Walk the Audubon Trail on the Redlands in Grand Junction and you'll see construction underway near Connected Lakes. What's going on?

If you've ever walked this trail, you're probably familiar with the area with heavy vegetation just east of the ranger station at Connected Lakes. A portion of the vegetation in that spot has been cleared.

Nearby you'll see this sign:

Audubon Trail Construction 3
Waylon Jordan

According to the info on the sign, Grand Valley Audubon has begun the first phase of wetland improvements on the Nature Preserve. The sign states, "Approximately four acres of ponds will be partially drained, fill dirt added and shoreline alterations made to create shallow water wetlands."
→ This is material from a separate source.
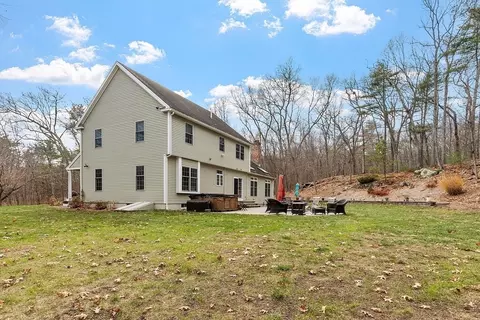 11 Sholan Cir, Harvard, MA 01451 photo 6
This is my favorite Western Colorado trail. By my estimates, I've walked this trail at least twice a week, every week, for a little over 10 years. Given a distance of roughly two miles each way, for a total of four miles round trip, the figures break down like this:

  • 4 miles x twice per week = 8 miles per week
  • 8 miles per week x 52 weeks in a year = 416 miles per year
  • 416 miles per year x 10 years = 4,160 miles walked on this trail

To put that into perspective, Grand Junction, Colorado to Chicago, Illinois comes in at 1,255 miles. Taking that into consideration, my total miles on the Audubon Trail are equivalent to walking from Grand Junction to Chicago 3.314 times. I've driven from Grand Junction to Chicago several times in my life. Let me tell you, it's no fun.
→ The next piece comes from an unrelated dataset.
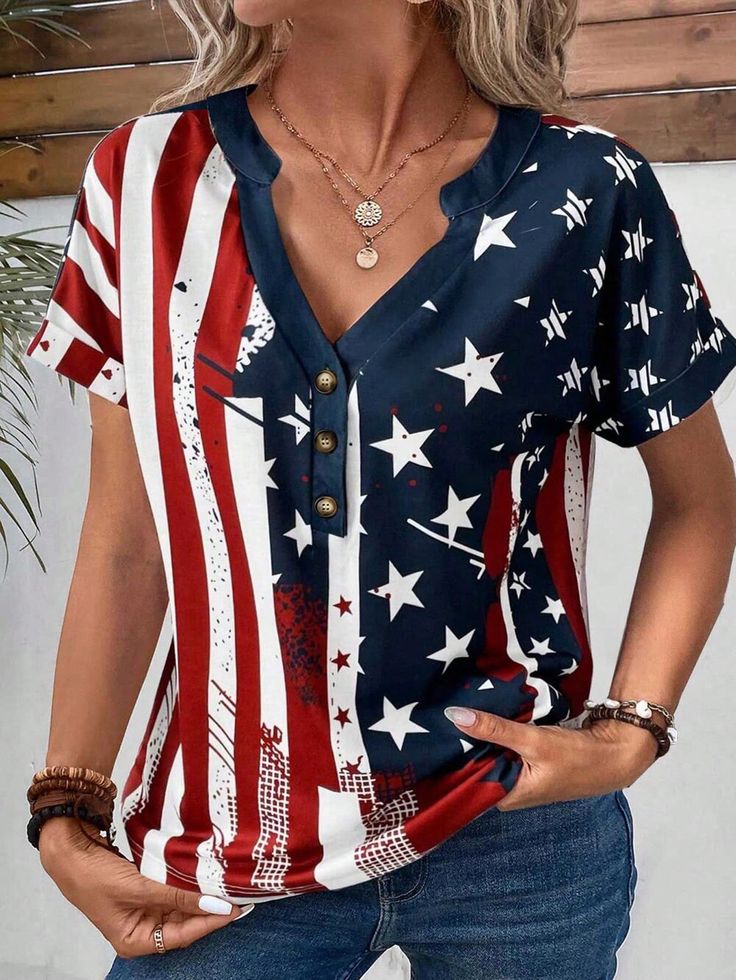 Multicolore Casual Collar Manches courtes Tissu tricoté Géométrique,graphique,Rayé  Embellished Élasticité moyenne Las Vegas Outfit Summer, Color T Shirt, Flag Outfit, Country Casual, Vegas Outfit, American Flag Print, Women Shirts Blouse, Knitted Tshirt, Women's Tops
I digress. My reason for using the example above is to demonstrate how unaware I was as to what was hiding behind the dense foliage at this point on the trail.

Audubon Trail Construction 1
Waylon Jordan

This is interesting. While I'm not an ornithologist, many people are, and they enjoy this part of the valley. As you can see in the photo with the sign, for some time now there have been structures in place where people could enjoy bird watching. Add to that another structure just east of the location pictured above, and you have fantastic resources where people can enjoy observing wildlife.

I'm looking forward to seeing how this unfolds. No doubt this will be a welcome addition for the wildlife enthusiasts, not to mention for the various natural inhabitants of the area. In the meantime, if you walk this trail, keep an eye out for construction equipment and crews.